When extremists bomb houses of worship, who are in those churches and schools? Women and girls.

Social science tells us that women are more religious than men, by almost any benchmark and study. Whether you measure belief in God, belief in a supreme being, attendance at religious services, personal prayer and religious practices, teaching religious values to children, raising a family within a faith tradition—by any of these benchmarks, women consistently, across time and cultures, rank as more religious than men. These results are so consistent and accepted that academic debates now tend to focus no longer on whether they are more religious but on why this is the case.

Because women are more religious than men, religious repression, persecution and violence affect women most. When churches are bombed, who are hurt and killed? Women. When people are forced to flee religious persecution as refugees and internally displaced persons, who are those refugees and I.D.P.’s? Predominantly women and their children.

When religious organizations like Catholic Relief Services and Caritas Internationalis find their work curtailed or banned because of their religious affiliation, who are hurt most? The women who make up most of the bottom billion of the world’s impoverished, who rely on the activities of those religious organizations. Seventy percent of these billion are women and girls. Seventy percent of the youth not in school are women and girls. Girls are three times more likely to be malnourished. When faith-based organizations are curtailed in their service work, women and girls are harmed. Women are the primary victims of violations of religious freedom.

Women are also on the front lines of those responding to violations of religious freedom. Women lead nongovernmental organizations, women like Carolyn Woo, the president of Catholic Relief Services and a former refugee herself. Women refugees advocate for other refugees; women teachers and health care workers report violations and work with victims; women lawyers take up the cases in international venues.

But the female face of faith is often not seen. When victims of religious persecution or violence are counted, they are counted as Christians or Muslims, civilians versus security forces. Women are not counted because, in too many parts of the world, women simply do not count as fully human.

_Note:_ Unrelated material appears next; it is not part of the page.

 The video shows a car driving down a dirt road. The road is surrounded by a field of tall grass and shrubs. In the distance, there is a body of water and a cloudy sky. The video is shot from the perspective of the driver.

Oct. 27 is International Religious Freedom Day. A recent conference sponsored by the Institute of Policy Research at Catholic University, and recent reports, document a rising trend of religious repression. Seventy-five percent of the world’s population live in countries with high restrictions on religion. Yet none of the otherwise excellent annual reports on religious freedom mention the female face of faith.

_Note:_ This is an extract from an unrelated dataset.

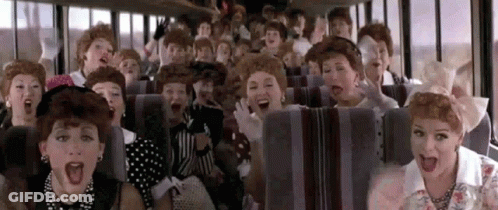 A Group Of Women Wearing Wigs Are Sitting On A Bus . GIF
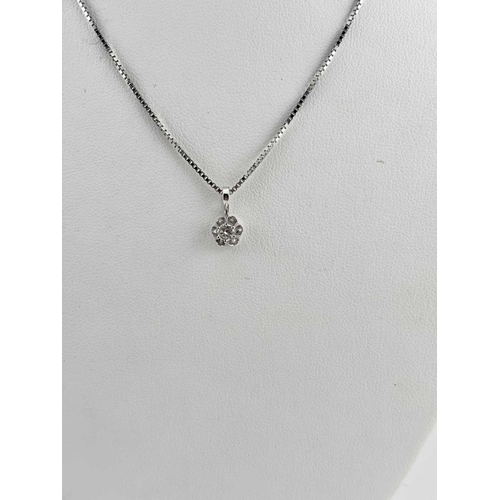 440 - A diamond ring and diamond pendant and chain, marks to the inside of the ring 'LAD 510', indistinct ...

This is problematic. We cannot effectively protect religious freedom unless we understand who are the most vulnerable groups. Groups concerned with religious liberty and groups focused on women’s issues typically do not work together. Domestically, their common cause is lost in the debates over how to implement the Affordable Care Act.

But the larger context is lost. Internationally, the war on religious freedom and the war on women are the same war. When religious freedom is violated, women suffer, because women are more religious.

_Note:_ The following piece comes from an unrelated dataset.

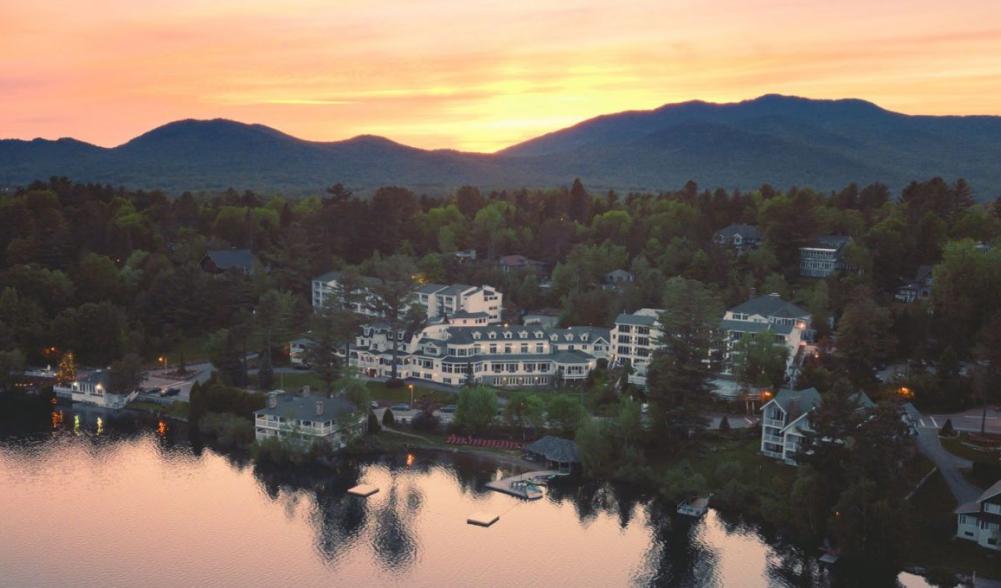 Wide aerial view of the Mirror Lake Inn's numerous buildings overlooking Mirror Lake. Image courtesy Mirror Lake Inn.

To protect religious freedom internationally, we must see the female face of faith and work accordingly to build unlikely alliances across religious, political, gender and bureaucratic divides.

The Catholic moral and religious imagination help us. Jesus is our model, reaching out to build bridges among unlikely allies, prostitutes, tax collectors, gentiles and foreigners. In our sacraments of Communion and reconciliation, our beliefs in a relational, triune, resurrected God and our institutional structures that seek to make real these relationships of local and global church, the body of Christ, in Catholic social teaching about protection of human life and dignity and preference for the poor, we regularly exercise moral muscles for the common good, a moral imagination the world needs to protect religious freedom and save lives and human dignity.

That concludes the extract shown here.